* WHAT YOU ARE ASKED TO DO *
The full listing, exactly as written and with no images, is the expected output.

* GIVEN INFORMATION *
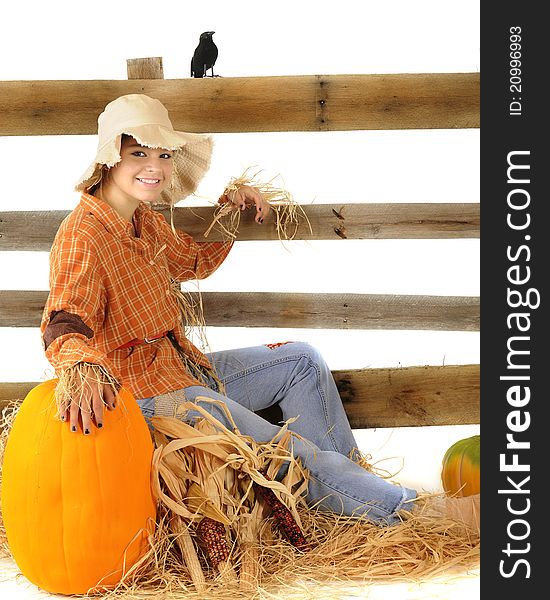 A living teen scarecrow flopped on a pile of hay by a rustic rail fence. Pumpkins and an old crow are nearby. A living teen scarecrow flopped on a pile of hay by a rustic rail fence. Pumpkins and an old crow are nearby.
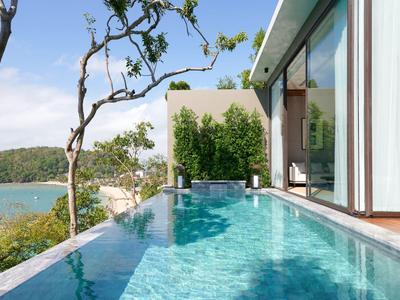 Infinity pool overlooking the sea and green hills beside a modern glass villa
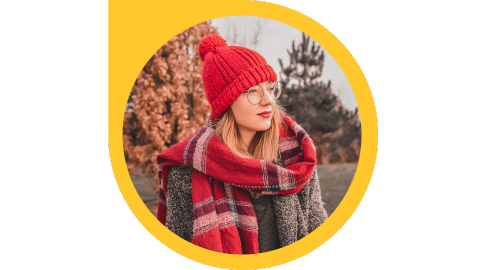 A person wearing glasses and dressed in a jacket, red patterned scarf and red toque stands outside with trees in the background.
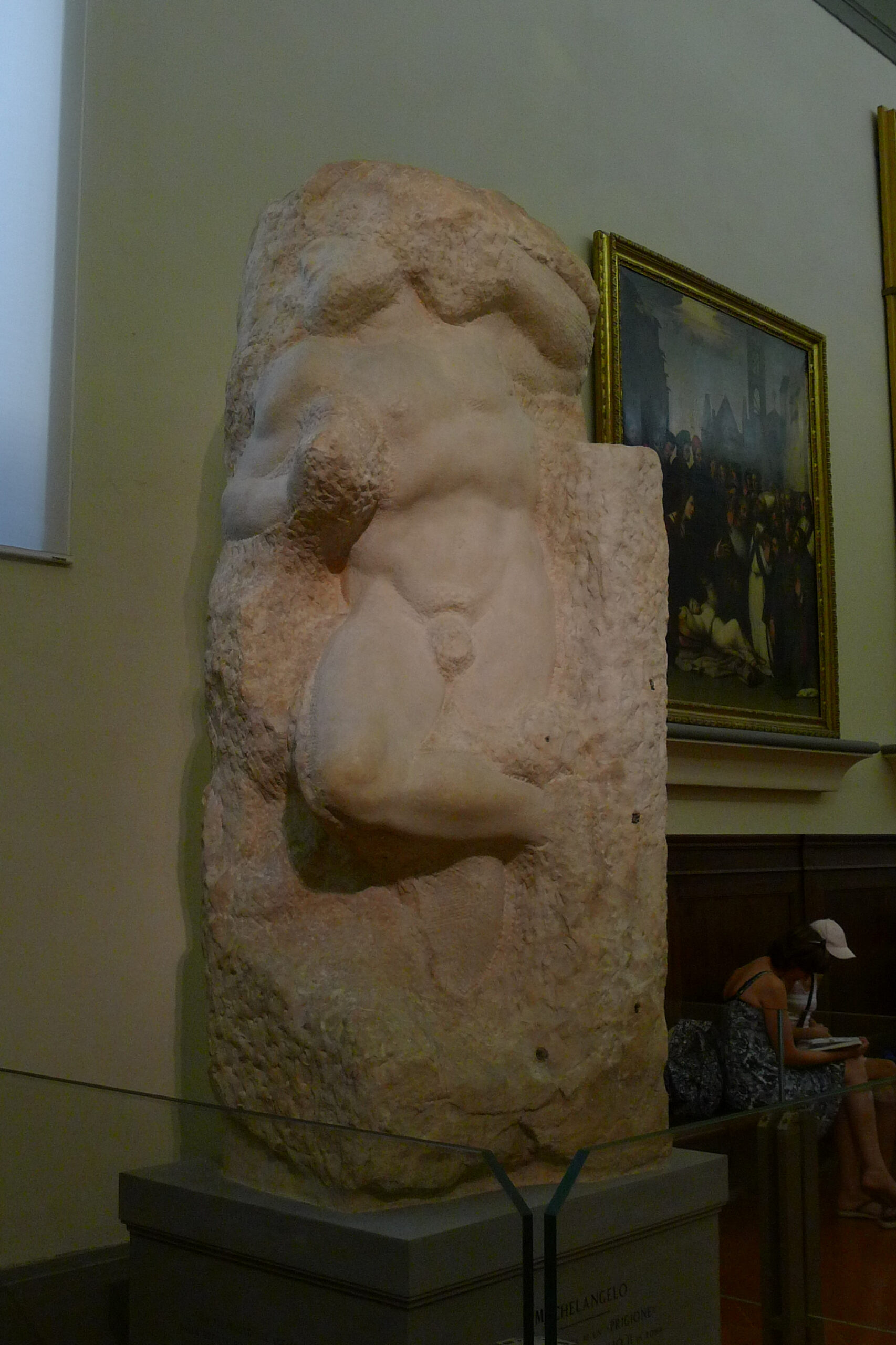 Michelangelo's unfinished Awakening Slave emerges from rough marble on a plinth inside Florence's Galleria dell'Accademia.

* SOLUTION *
 A living teen scarecrow flopped on a pile of hay by a rustic rail fence. Pumpkins and an old crow are nearby. A living teen scarecrow flopped on a pile of hay by a rustic rail fence. Pumpkins and an old crow are nearby.
 Infinity pool overlooking the sea and green hills beside a modern glass villa
 A person wearing glasses and dressed in a jacket, red patterned scarf and red toque stands outside with trees in the background.
 Michelangelo's unfinished Awakening Slave emerges from rough marble on a plinth inside Florence's Galleria dell'Accademia.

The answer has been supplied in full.